Auto-compaction silently rewrites your conversation using a cheaper model. The original history is only preserved in local transcript files.
The privacy controls are opt-out, not opt-in. Telemetry, auto-updates, memory writes, and flag fetching are all active by default.
MCP servers remain a significant cost driver, though mitigated. Instructions have moved to system reminders (preserving the prompt cache), but each connected server still adds tool schema tokens to every turn, and connect/disconnect events inject delta reminders into the conversation stream.
Appendix: The Enterprise Remote Control Plane
Beyond GrowthBook feature flags, Claude Code implements a three-subsystem enterprise control plane that allows organizations to centrally manage agent behavior across their deployments. These subsystems are decoupled by design but share common patterns: eligibility checks, ETag-based HTTP caching, file persistence, hourly background polling, and fail-open resilience.
Remote Managed Settings
What it does. Any setting from ~/.claude/settings.json can be remotely overridden by enterprise admins. Settings are fetched from /api/claude_code/settings on startup and applied with highest priority — above user, project, and local settings. Changes trigger hot-reload of environment variables and feature gates without restart.
Control flow. On startup, loadRemoteManagedSettings() checks eligibility (API key users always eligible; OAuth requires Enterprise/Team subscription; 3P providers excluded), loads cached settings from ~/.claude/remote-settings.json, fetches from the API with ETag validation and up to 5 retries, then starts hourly background polling for mid-session changes.

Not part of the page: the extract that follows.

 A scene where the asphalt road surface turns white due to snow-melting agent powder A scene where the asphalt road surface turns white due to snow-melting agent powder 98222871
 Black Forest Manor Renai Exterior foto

Security check. When settings contain potentially dangerous overrides (e.g., redirecting ANTHROPIC_BASE_URL), a blocking UI dialog (ManagedSettingsSecurityDialog) requires explicit user approval before applying. Rejection triggers graceful shutdown.
Policy Limits
What it does. Organization-level feature restrictions via a policy matrix. Unlike settings (which configure behavior), policies enable or disable entire features. Three known policies:
| Policy | Controls |
|---|---|
allow_remote_sessions |
Remote session spawning, teleport, bridge initialization |
allow_remote_control |
Bridge mode REPL initialization |
allow_product_feedback |
Feedback surveys, /feedback command |
Fail-closed for HIPAA. Most policies fail open (unknown policy = allowed). But allow_product_feedback is in a special ESSENTIAL_TRAFFIC_DENY_ON_MISS set: if the policy cache is unavailable and essential-traffic-only mode is active, the feature is denied by default to prevent accidental data exfiltration in healthcare/compliance environments.
Settings Sync
What it does. Cross-environment settings replication between the interactive CLI and the Cloud Control Room (CCR). The interactive CLI uploads local settings in the background; CCR downloads them before plugin installation. Four file types are synced: user settings.json, user CLAUDE.md, and project-scoped variants of each.

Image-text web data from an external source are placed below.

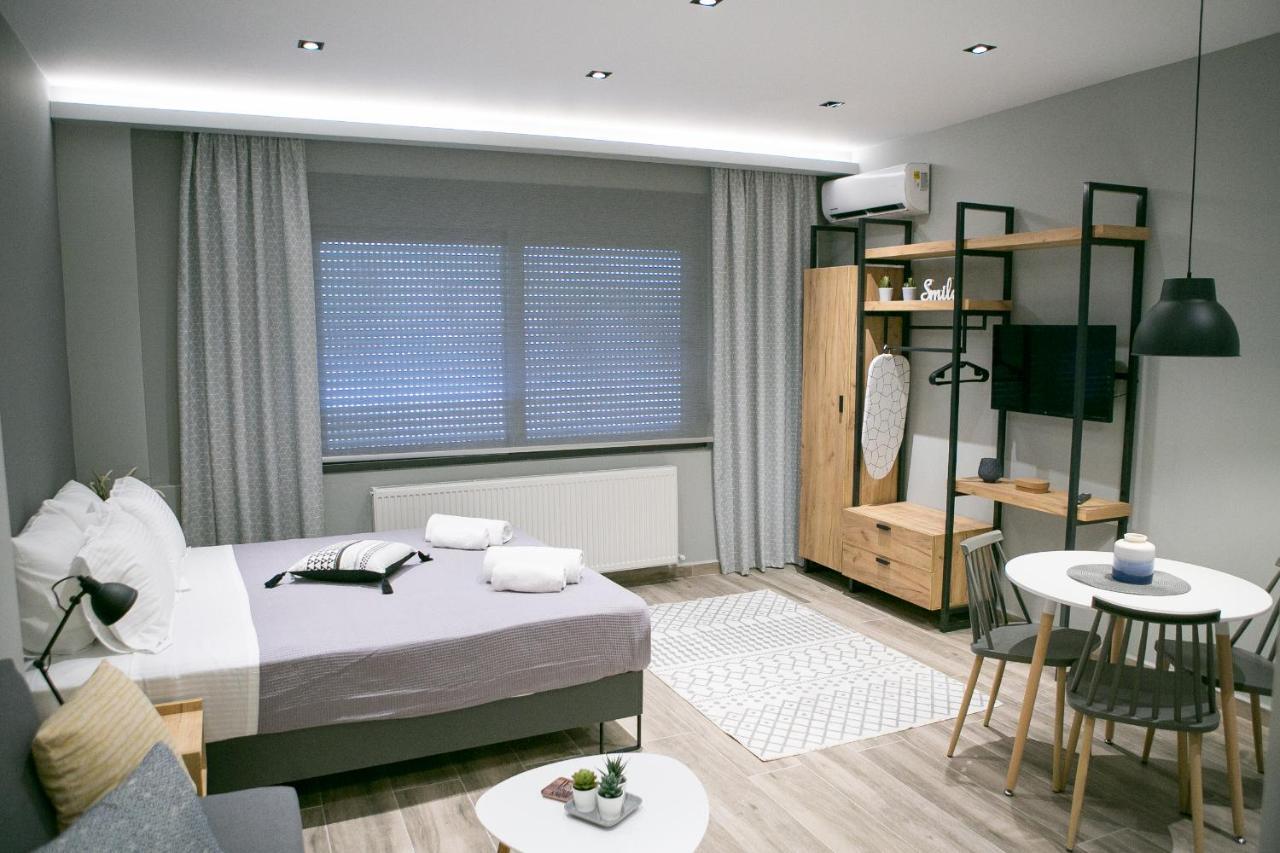 Sts Eight 6.1 Apartment เทสซาโลนิกิ ภายนอก รูปภาพ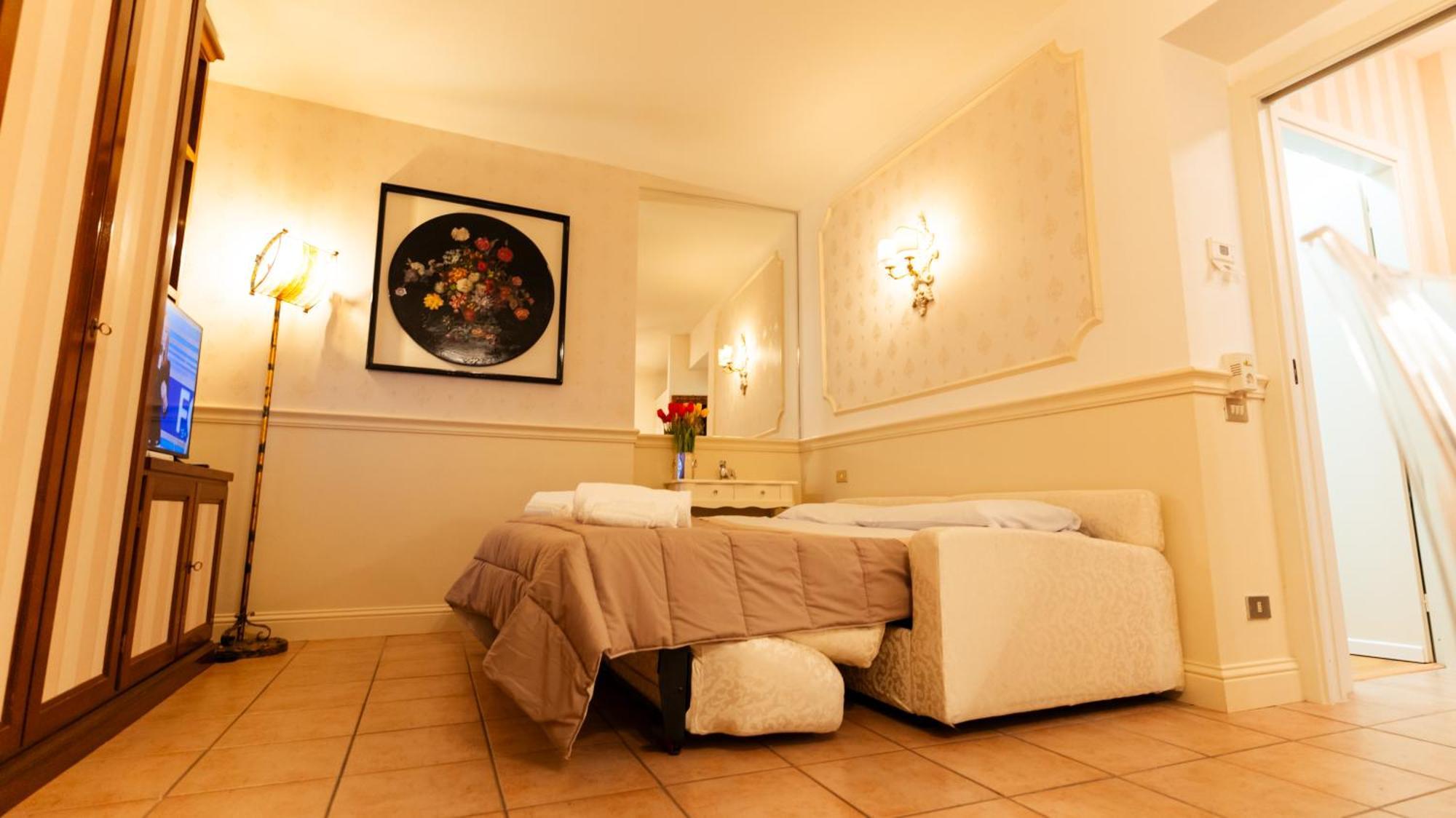 New Cozy Apartment - City Centre Lecco Exterior photo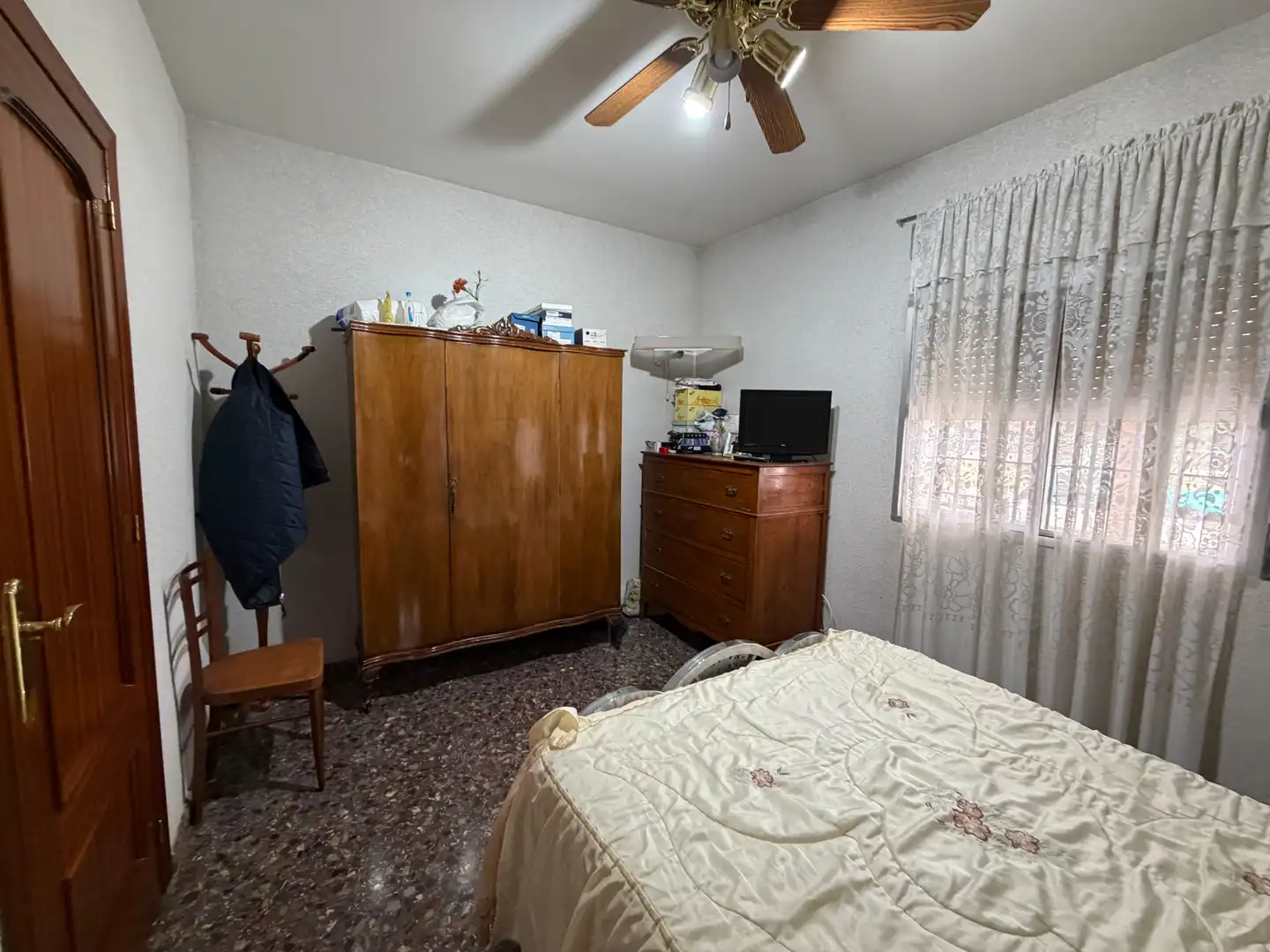 Bedroom of Houses for sale in Úbeda  with Air Conditioner, Private garden and Storage room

Eligibility. OAuth only (API key users cannot sync). Files are capped at 500 KB. Project isolation uses a hash of the git remote URL.
Eligibility Matrix
| User Type | Remote Settings | Policy Limits | Settings Sync |
|---|---|---|---|
| API key (Console) | Yes | Yes | No |
| OAuth Enterprise/Team | Yes | Yes | Yes |
| OAuth Paid/Plus | Yes | No | Yes |
| 3P Provider (Bedrock/Vertex/Foundry) | No | No | No |
Custom ANTHROPIC_BASE_URL |
No | No | No |
Source files: src/services/remoteManagedSettings/ (7 files, ~1,000 LOC), src/services/policyLimits/ (2 files, ~700 LOC), src/services/settingsSync/ (2 files, ~600 LOC).

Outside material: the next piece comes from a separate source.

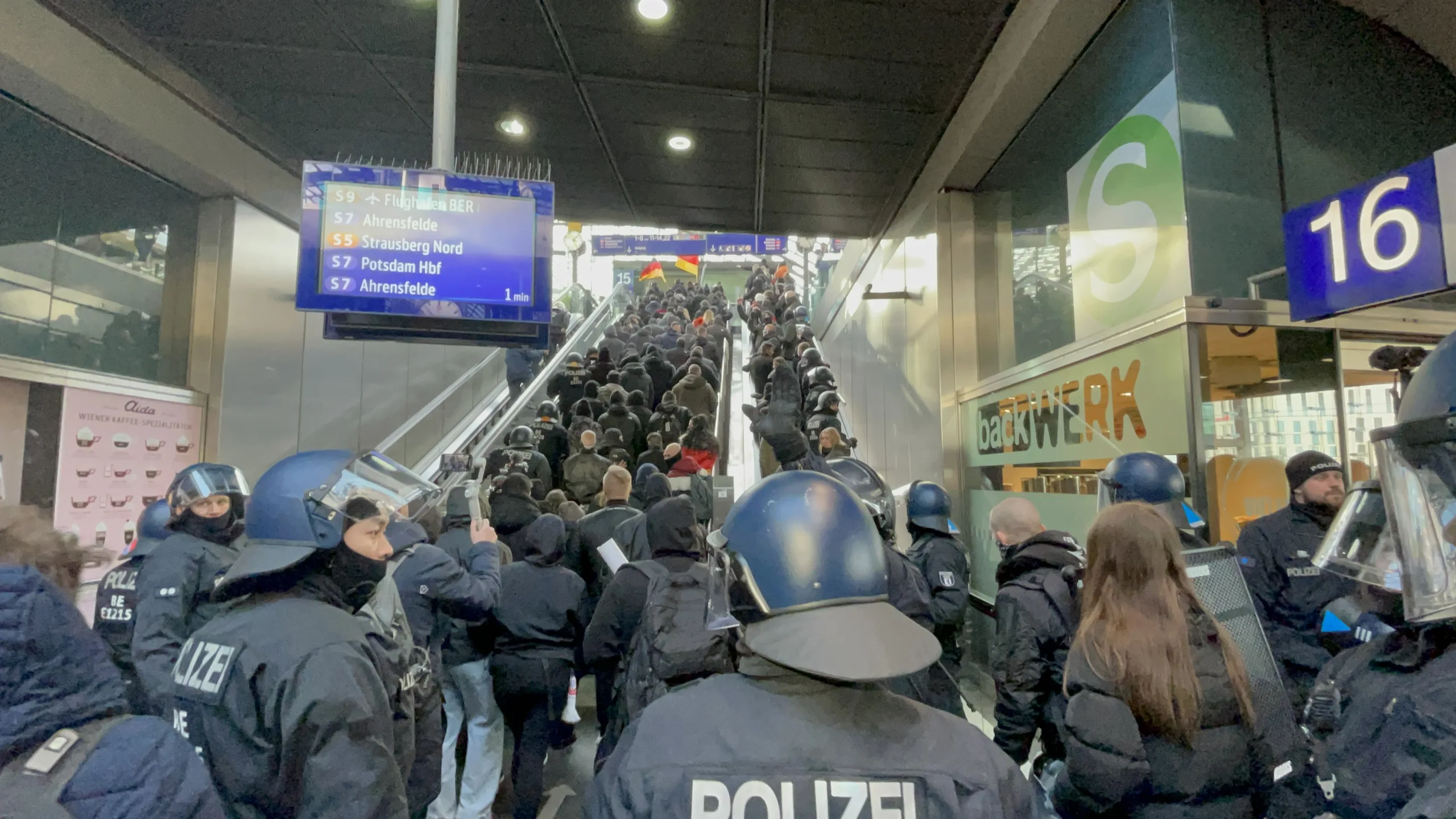Berlin’de yüzlerce Neonazi yürüyüş yaptı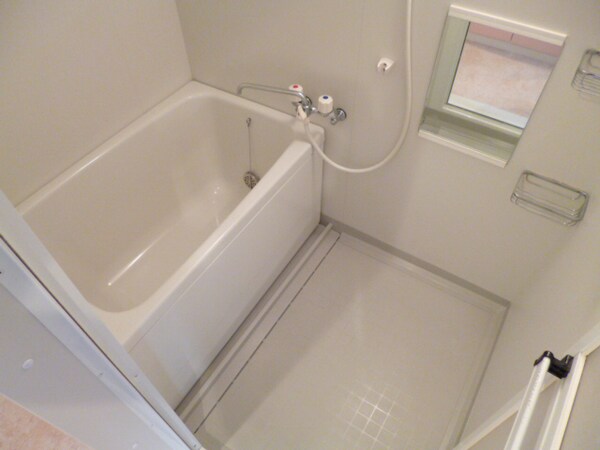 バス／シャワールーム等(バス　ゆったりサイズですよ♪)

For the prompt assembly pipeline that generates these hidden fragments, see Part III.1: Prompt Assembly Pipeline. For the compaction system that rewrites conversation history, see Part III.2: Context Compaction. For the hook system that intercepts notifications, see Part III.4: Hooks & Lifecycle Events.
All analysis based on source extracted from the v2.1.88 source map. Numbers are estimates based on static analysis; actual token counts vary by session configuration.